━━━━━ Data

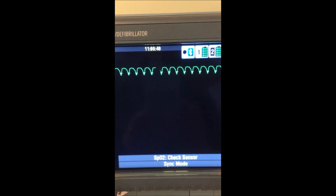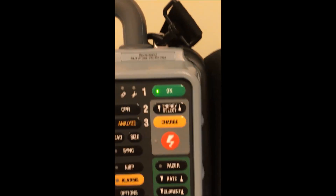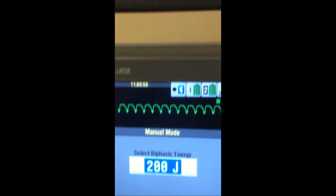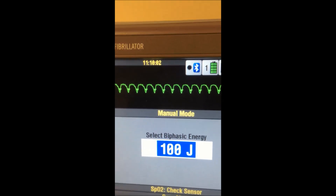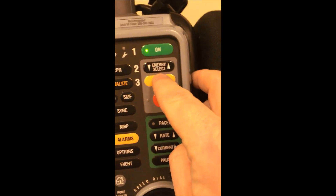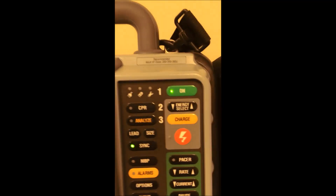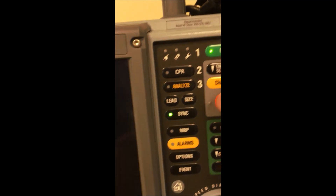Now we're ready to do a synchronized cardioversion. I'll press energy select. This machine defaults to 200 — we'd usually start a little lower than that — so I'm going to start at 100 joules. I'm going to press charge. At this point, you call clear, you're clear, everyone is clear, and shock.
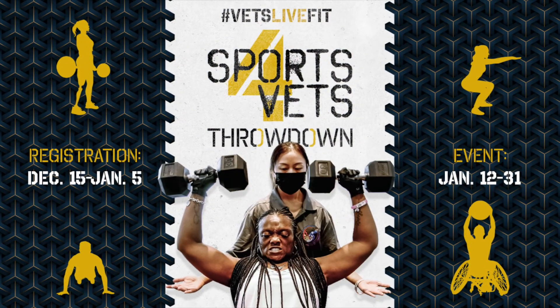Scores for week one must be submitted to Competition Corner by Monday, January 17th at 1 p.m. Eastern Standard Time. Good luck.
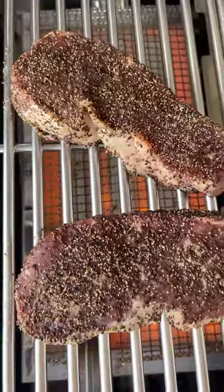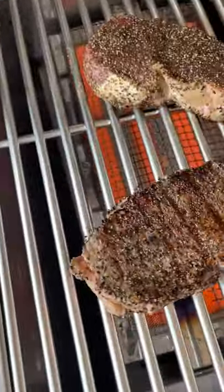Season the broccolini with olive oil, salt and pepper. Massage that in. Let's go ahead and throw these right on the grill. I'm going to sear the steaks at pretty high heat. The broccolini are going to go at a little lower heat — I don't want to burn them. We'll cook them side by side together.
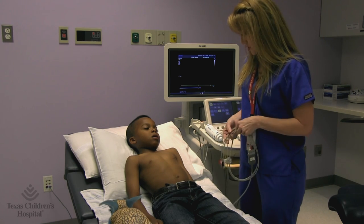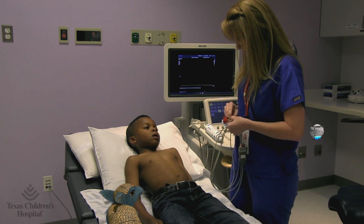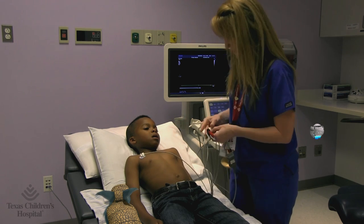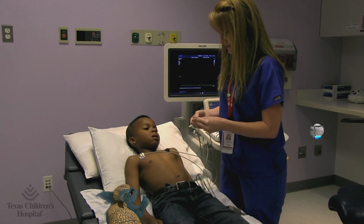We're going to put these stickers and wires on you to keep track of your heart rate during the test. They might be a little cold just because they have a little bit of glue on them. I love stickers. One near your shoulder, one on each side of your tummy.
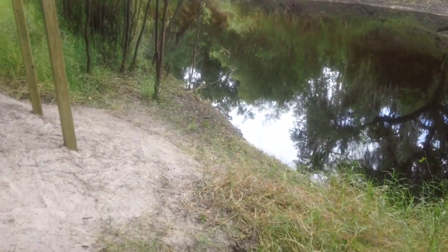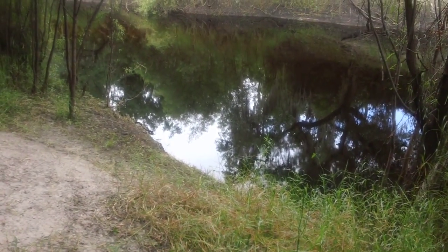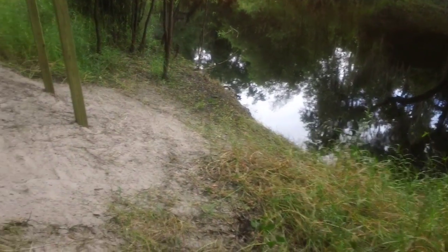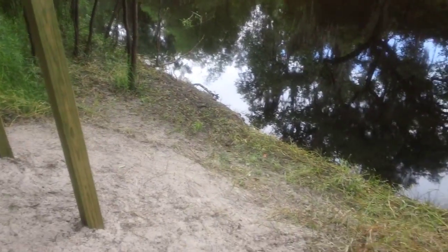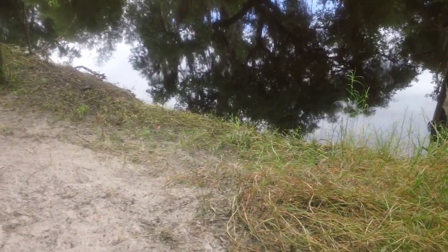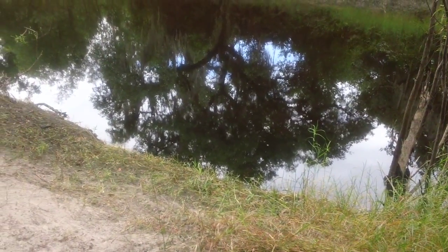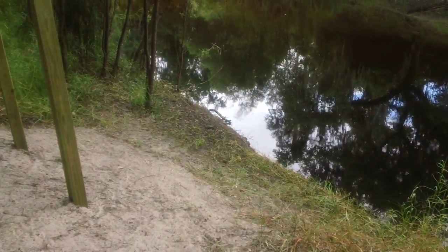I took out those scrub trees — they were kind of half dead anyway — so now we have easy access all the way from the dock when it's finished, down to the level of the creek. When the creek starts rising it's only about two and a half, maybe three feet deep at most. Right now you can walk across it and it won't even go down to your waist. It'll actually make the dock work a little bit better.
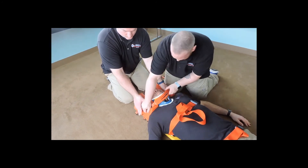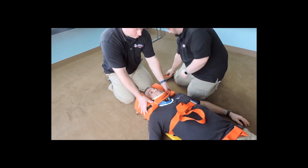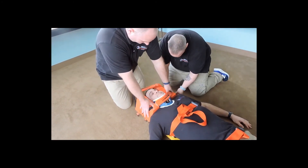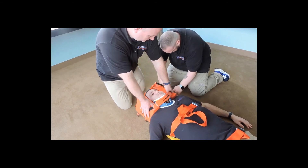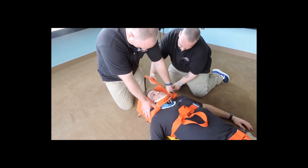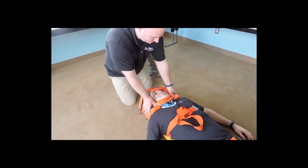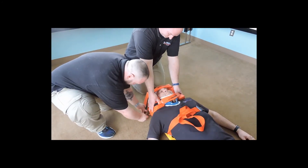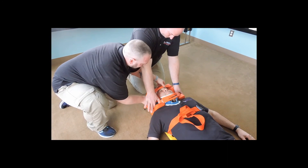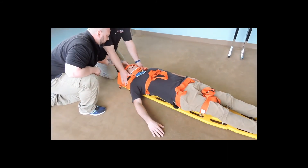We want this to secure. You doing okay, sir? All right, I just want to go over the forehead. Again, working with my patient and my partner — coming around, across the strap. If we have this secure and in place.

━━━━━━━━━━

Exercise brief –
Repeat the data exactly. No pictures should appear.

Solved problem –
Now we're ready to do a synchronized cardioversion. I'll press energy select. This machine defaults to 200 — we'd usually start a little lower than that — so I'm going to start at 100 joules. I'm going to press charge. At this point, you call clear, you're clear, everyone is clear, and shock.
Scores for week one must be submitted to Competition Corner by Monday, January 17th at 1 p.m. Eastern Standard Time. Good luck.
Season the broccolini with olive oil, salt and pepper. Massage that in. Let's go ahead and throw these right on the grill. I'm going to sear the steaks at pretty high heat. The broccolini are going to go at a little lower heat — I don't want to burn them. We'll cook them side by side together.
We're going to put these stickers and wires on you to keep track of your heart rate during the test. They might be a little cold just because they have a little bit of glue on them. I love stickers. One near your shoulder, one on each side of your tummy.
I took out those scrub trees — they were kind of half dead anyway — so now we have easy access all the way from the dock when it's finished, down to the level of the creek. When the creek starts rising it's only about two and a half, maybe three feet deep at most. Right now you can walk across it and it won't even go down to your waist. It'll actually make the dock work a little bit better.
We want this to secure. You doing okay, sir? All right, I just want to go over the forehead. Again, working with my patient and my partner — coming around, across the strap. If we have this secure and in place.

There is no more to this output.